The first part of OCD is similar to Generalized Anxiety Disorder (GAD), in that there is an obsessive focus on the negative, a mental barrage of persistent thoughts of potential disaster.  Because of the anxiety generated by this thought pattern, a person then develops elaborate rituals and behaviors in order to control the fear.  Pamela was concerned about her health and developed compulsivity around hand-washing and avoidance of germs.  However, the rituals associated with OCD are varied and can include things like having to go back to your house multiple times to make sure all the appliances are off, or never walking on a crack in a sidewalk. 

Some people develop a need to count, to find numerical patterns in their surroundings.  These compulsions provide a temporary relief from anxiety but are extremely disruptive to your life.  Some people who suffer from OCD have unwanted, recurrent thoughts of harming loved ones or engaging in acts the person considers perverted or religiously unacceptable.  To me, OCD is anxiety distilled, a potent onslaught of negative thoughts coupled with crippling ritual, disrupting a person’s ability to function. 

Are you or a loved one struggling with obsessive compulsive disorder and anxiety?  To help you identify your patterns of worry and what activities or thoughts they are most associated with, consider writing down the answers to this list of questions

Authored by Dr.
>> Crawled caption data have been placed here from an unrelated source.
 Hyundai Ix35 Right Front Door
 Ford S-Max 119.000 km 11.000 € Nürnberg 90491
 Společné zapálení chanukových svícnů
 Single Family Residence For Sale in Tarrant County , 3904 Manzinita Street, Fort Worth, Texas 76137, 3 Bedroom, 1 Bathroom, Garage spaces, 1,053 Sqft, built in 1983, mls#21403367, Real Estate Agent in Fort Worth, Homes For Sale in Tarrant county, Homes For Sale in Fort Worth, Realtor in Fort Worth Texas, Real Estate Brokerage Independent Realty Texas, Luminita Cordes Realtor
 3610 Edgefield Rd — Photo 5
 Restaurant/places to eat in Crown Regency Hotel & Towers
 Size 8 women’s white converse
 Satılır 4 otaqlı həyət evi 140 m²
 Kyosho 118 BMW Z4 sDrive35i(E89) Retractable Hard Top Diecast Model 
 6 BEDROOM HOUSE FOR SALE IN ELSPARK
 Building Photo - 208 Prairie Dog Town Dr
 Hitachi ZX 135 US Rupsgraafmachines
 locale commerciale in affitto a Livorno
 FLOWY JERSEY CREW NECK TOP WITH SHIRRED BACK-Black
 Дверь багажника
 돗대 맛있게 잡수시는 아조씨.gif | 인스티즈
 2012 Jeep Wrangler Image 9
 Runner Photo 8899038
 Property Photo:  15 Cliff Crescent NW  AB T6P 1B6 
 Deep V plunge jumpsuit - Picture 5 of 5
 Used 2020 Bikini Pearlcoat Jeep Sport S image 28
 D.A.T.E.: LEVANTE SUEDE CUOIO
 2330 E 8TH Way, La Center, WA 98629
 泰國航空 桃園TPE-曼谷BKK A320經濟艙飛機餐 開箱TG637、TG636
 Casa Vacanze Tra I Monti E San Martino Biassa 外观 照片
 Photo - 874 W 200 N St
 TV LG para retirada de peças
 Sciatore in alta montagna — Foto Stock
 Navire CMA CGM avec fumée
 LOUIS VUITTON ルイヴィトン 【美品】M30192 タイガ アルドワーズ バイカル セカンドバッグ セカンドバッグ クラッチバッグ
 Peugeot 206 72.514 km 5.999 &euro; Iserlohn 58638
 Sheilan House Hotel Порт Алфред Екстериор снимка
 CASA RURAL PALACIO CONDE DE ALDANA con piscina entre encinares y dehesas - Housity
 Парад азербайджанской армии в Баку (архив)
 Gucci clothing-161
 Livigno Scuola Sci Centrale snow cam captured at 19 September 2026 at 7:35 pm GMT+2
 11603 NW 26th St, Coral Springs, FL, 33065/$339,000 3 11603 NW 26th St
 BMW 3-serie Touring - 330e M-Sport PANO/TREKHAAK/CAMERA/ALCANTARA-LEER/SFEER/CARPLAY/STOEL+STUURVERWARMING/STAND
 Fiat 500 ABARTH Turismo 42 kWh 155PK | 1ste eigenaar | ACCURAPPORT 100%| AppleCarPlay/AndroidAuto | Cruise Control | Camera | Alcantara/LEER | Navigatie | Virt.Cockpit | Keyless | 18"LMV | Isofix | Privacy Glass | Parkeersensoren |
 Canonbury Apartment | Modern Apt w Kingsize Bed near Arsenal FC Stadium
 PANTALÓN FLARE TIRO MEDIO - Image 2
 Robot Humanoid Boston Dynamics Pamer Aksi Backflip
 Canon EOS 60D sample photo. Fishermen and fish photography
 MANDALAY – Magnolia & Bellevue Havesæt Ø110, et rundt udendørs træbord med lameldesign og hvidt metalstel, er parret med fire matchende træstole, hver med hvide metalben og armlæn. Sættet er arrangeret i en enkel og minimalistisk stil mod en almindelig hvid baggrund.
Gregory Jantz, founder of The Center • A Place of HOPE and author of 37 books. Pioneering whole-person care nearly 30 years ago, Dr. Jantz has dedicated his life’s work to creating possibilities for others, and helping people change their lives for good. The Center • A Place of HOPE, located on the Puget Sound in Edmonds, Washington, creates individualized programs to treat behavioral and mental health issues, including eating disorders, addiction, depression, anxiety and others.

Dr. Gregory Jantz

Pioneering Whole Person Care over thirty years ago, Dr. Gregory Jantz is an innovator in the treatment of mental health. He is a best-selling author of over 45 books, and a go-to media authority on behavioral health afflictions, appearing on CBS, ABC, NBC, Fox, and CNN. Dr. Jantz leads a team of world-class, licensed, and...

Read More

Related Posts

Anxiety Increases in the Spring?

By: Dr. Gregory Jantz  •  April 12, 2019

It’s springtime. The weather has turned and the sense of renewal is in the air. Beautiful flowers, tree buds, mowed lawns all signal the rejuvenation of flora and fawna. You may be experiencing the sensation of renewal as well. Longer days mean more outdoor activities, more engagement with others, and...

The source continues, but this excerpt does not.